Изображения грешников в адских пещерах на иконе и фреске часто одинаковы. До условных поз, до условных пыток одинаковы. А надписи несколько различаются, одни и те же пытки «раздаются» разным категориям грешников, то есть фреска не копировала икону. Но категории там и там схожи: «Лихоимцы», «Чародеи», «Кощунники», «Мужеложники», «Священники и монахи, не исполняющие обеты», «Отметники веры», «Судии немилостивые», «Пьяницы».
Ни одного выпада в адрес грешных женщин — чем будут просто изобиловать аналогичные сюжеты в XVII–XVIII вв. — здесь нет. Это очень показательно, и это не означает, что женскими грехами в церкви тогда еще не интересовались. Еще как интересовались и такие вещи на иконах писали и в XIII веке, и XV-м… это никого не стесняло. Но домострой — не бумажный, а настоящий, пока что был прочен, особенно в провинции, и царство за счет крепкой семьи, за счет верной, бесправной, работающей как загнанная лошадь русской бабы, выстояло в аду Смутного времени.
А вот с мужиками тогда было так себе.
Мы можем праведно клеймить иностранцев, какого-нибудь Горсея или Флетчера, негативно отзывавшихся о быте и нравах Московского царства XVI века. Но игнорировать писания Максима Грека, рьяно ополчавшегося против засилья колдунов на Руси в середине того же столетия, или такие памятники, как эти, сольвычегодские, нельзя. Ибо подобных им — много. А еще есть исповедальные тексты, и там, в общем, будет только подтверждение этого диагноза.
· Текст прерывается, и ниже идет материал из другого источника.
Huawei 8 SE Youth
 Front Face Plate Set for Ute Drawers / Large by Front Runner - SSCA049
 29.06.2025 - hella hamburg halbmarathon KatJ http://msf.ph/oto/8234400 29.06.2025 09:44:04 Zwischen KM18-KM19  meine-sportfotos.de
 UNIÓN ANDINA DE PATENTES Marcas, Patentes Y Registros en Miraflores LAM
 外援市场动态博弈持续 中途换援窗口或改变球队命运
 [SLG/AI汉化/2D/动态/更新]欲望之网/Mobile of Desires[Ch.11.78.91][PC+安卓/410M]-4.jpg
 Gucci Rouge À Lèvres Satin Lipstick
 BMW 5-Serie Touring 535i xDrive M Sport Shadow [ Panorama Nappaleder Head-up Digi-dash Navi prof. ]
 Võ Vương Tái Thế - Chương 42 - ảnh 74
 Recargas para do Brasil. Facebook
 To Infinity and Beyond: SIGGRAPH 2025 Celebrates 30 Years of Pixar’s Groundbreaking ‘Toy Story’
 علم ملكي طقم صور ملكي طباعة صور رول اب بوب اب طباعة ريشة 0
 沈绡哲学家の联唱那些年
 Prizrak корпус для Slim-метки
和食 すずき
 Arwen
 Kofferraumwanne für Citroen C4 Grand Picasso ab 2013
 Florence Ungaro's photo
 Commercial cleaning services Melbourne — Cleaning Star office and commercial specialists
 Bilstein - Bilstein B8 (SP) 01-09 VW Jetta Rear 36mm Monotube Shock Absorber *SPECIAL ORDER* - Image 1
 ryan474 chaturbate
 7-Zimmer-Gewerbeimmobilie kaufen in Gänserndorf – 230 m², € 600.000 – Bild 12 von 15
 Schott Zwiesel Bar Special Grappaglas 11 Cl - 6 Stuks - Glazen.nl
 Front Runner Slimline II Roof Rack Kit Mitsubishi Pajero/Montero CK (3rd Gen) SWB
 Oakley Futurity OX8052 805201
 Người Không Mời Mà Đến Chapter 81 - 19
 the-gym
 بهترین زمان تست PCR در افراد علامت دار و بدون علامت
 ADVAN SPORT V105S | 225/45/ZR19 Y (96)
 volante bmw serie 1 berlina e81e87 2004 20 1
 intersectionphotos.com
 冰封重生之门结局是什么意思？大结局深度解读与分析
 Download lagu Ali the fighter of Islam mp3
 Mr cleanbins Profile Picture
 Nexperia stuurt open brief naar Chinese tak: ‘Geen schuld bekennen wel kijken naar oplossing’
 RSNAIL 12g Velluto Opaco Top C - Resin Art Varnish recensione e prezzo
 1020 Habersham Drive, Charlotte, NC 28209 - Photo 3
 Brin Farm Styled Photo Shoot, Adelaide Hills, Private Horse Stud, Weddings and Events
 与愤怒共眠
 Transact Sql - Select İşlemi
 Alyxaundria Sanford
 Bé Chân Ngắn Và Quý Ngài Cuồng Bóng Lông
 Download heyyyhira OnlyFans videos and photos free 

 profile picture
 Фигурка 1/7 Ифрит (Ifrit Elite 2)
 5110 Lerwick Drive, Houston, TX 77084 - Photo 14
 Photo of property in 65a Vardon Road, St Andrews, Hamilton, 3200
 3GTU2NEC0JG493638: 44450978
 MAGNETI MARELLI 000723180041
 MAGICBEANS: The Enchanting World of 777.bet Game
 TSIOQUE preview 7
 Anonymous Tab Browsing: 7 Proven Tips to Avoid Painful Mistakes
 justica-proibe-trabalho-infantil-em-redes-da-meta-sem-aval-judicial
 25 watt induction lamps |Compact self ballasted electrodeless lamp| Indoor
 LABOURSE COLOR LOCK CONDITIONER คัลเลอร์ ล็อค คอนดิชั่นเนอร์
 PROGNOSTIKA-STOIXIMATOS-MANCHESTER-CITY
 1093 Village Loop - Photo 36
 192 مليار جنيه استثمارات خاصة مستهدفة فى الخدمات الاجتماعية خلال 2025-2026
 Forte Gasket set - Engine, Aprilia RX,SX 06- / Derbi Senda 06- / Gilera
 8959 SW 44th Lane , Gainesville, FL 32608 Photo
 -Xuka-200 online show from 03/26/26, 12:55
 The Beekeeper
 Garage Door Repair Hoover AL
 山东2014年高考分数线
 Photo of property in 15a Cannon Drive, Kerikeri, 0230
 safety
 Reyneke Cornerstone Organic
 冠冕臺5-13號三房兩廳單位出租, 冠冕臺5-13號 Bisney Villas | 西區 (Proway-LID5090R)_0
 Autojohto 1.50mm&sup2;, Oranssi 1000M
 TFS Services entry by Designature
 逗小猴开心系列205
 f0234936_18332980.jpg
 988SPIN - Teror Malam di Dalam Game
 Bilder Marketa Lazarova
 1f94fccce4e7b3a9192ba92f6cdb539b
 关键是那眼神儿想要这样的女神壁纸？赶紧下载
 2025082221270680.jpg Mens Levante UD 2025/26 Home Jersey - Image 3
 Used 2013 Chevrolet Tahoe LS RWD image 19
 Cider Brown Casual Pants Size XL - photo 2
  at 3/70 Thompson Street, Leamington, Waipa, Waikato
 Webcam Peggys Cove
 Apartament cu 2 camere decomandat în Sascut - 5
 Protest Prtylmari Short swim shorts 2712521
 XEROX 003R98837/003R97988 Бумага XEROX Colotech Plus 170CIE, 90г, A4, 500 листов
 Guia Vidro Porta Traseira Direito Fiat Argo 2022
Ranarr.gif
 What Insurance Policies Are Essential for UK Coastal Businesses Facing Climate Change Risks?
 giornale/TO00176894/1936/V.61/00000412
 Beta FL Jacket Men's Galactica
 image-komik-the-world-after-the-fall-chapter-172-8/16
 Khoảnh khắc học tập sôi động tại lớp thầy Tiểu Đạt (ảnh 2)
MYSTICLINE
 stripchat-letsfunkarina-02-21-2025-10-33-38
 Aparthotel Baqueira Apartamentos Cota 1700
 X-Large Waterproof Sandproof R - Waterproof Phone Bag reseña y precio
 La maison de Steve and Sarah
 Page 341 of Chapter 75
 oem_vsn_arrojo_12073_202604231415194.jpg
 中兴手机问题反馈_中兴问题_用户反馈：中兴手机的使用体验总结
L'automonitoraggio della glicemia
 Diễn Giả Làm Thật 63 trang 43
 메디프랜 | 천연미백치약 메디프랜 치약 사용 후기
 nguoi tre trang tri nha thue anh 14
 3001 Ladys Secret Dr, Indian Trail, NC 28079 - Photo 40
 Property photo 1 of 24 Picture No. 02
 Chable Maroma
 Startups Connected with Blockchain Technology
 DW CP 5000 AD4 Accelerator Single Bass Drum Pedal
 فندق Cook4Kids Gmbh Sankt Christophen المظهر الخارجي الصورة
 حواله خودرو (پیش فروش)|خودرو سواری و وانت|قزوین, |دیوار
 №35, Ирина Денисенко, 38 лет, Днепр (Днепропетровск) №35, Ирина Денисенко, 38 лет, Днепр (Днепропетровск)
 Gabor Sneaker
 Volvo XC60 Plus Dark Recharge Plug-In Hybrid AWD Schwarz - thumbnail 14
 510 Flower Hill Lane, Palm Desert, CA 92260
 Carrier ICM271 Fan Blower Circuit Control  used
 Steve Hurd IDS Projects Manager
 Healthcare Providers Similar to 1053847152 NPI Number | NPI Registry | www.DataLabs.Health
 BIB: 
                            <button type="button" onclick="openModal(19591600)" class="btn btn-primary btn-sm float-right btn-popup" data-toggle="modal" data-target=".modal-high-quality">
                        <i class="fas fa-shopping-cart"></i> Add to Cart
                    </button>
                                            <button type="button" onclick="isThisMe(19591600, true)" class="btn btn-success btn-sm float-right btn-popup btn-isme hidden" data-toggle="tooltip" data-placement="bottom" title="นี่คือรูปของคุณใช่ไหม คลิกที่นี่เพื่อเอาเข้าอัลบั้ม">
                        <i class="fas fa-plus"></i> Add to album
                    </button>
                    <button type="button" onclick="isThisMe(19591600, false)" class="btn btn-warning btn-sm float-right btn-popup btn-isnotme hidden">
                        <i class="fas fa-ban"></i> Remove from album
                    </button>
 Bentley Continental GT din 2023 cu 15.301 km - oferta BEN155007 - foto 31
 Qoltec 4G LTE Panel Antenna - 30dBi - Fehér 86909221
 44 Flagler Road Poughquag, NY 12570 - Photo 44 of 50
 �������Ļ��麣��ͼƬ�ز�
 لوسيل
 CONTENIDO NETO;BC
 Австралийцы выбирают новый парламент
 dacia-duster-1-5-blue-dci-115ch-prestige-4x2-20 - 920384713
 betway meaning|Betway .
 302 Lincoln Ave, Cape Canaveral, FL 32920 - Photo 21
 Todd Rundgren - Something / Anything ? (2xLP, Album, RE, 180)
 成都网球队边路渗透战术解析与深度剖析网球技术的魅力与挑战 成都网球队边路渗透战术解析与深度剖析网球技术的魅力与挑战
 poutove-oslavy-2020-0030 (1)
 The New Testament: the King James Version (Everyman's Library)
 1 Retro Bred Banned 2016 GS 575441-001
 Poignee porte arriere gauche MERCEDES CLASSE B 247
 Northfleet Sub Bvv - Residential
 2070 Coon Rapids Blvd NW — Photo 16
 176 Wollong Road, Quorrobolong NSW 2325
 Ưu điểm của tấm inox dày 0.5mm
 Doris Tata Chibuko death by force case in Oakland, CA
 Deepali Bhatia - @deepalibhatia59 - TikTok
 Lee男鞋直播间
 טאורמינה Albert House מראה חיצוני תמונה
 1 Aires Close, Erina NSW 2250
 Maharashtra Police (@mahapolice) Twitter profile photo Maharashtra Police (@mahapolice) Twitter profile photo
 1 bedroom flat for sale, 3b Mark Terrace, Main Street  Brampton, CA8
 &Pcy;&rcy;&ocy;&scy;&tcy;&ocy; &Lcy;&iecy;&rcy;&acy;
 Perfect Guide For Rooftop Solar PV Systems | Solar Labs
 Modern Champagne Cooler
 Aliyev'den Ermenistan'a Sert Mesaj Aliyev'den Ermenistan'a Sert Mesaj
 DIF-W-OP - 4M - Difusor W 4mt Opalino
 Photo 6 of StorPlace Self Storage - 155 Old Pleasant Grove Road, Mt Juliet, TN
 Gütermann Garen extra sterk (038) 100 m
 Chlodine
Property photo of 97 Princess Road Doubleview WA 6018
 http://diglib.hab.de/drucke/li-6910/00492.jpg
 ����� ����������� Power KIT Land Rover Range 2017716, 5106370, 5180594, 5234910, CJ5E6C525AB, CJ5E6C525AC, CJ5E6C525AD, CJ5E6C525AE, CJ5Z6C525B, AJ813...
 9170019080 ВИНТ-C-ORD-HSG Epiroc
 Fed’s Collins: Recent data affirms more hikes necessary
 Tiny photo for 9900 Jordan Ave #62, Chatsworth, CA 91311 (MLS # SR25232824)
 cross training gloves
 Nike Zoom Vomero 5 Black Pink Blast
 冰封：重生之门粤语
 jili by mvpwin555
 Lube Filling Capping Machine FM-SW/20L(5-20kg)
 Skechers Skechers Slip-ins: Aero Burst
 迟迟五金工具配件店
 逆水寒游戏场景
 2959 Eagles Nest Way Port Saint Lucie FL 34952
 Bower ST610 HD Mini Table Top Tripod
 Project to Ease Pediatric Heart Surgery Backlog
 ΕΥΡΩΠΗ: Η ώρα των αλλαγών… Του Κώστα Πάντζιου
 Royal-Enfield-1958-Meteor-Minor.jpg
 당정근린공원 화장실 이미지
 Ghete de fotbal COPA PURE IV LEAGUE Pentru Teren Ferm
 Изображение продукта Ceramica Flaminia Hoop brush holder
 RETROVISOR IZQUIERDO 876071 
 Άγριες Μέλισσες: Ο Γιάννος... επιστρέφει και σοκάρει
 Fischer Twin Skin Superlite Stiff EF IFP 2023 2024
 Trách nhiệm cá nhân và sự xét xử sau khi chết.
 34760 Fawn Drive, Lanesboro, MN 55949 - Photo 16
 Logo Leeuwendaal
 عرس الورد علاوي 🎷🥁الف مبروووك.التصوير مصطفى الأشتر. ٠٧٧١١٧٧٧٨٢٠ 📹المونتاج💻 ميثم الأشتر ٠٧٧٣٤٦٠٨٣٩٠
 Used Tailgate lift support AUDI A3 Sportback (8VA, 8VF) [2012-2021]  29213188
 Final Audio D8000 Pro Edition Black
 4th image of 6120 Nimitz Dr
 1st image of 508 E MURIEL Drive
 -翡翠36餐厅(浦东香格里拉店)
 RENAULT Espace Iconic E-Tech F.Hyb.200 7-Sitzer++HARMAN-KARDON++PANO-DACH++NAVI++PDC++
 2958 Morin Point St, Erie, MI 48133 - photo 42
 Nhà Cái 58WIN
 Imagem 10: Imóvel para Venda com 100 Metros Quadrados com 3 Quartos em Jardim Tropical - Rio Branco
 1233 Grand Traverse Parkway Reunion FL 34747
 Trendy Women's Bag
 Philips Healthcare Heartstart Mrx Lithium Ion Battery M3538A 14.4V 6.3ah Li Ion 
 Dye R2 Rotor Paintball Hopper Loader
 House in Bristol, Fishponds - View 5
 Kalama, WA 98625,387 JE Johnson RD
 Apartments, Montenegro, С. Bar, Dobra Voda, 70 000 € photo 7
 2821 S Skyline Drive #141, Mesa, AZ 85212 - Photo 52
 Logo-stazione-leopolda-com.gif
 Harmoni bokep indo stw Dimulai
Мы-то знаем, что 1600 год — это порог Смуты. И ищем подсознательно во фресках дыхание грядущей Смуты и причины, что к ней привели. Мне кажется, как-то так и надо задавать вопрос: «почему случилась Смута». Смотря на такие памятники.
Замечательный памятник сольвычегодский собор, назидательный. Можно такие вещи в нем отыскивать.
А можно не отыскивать. Просто принять, что вот есть такие иконы, вот есть такие соборы. Они — как тот колокол звучат над шумным торжищем вечными словами Евангелия: приидите ко Мне, труждающиеся и обремененные, и Аз покою вы.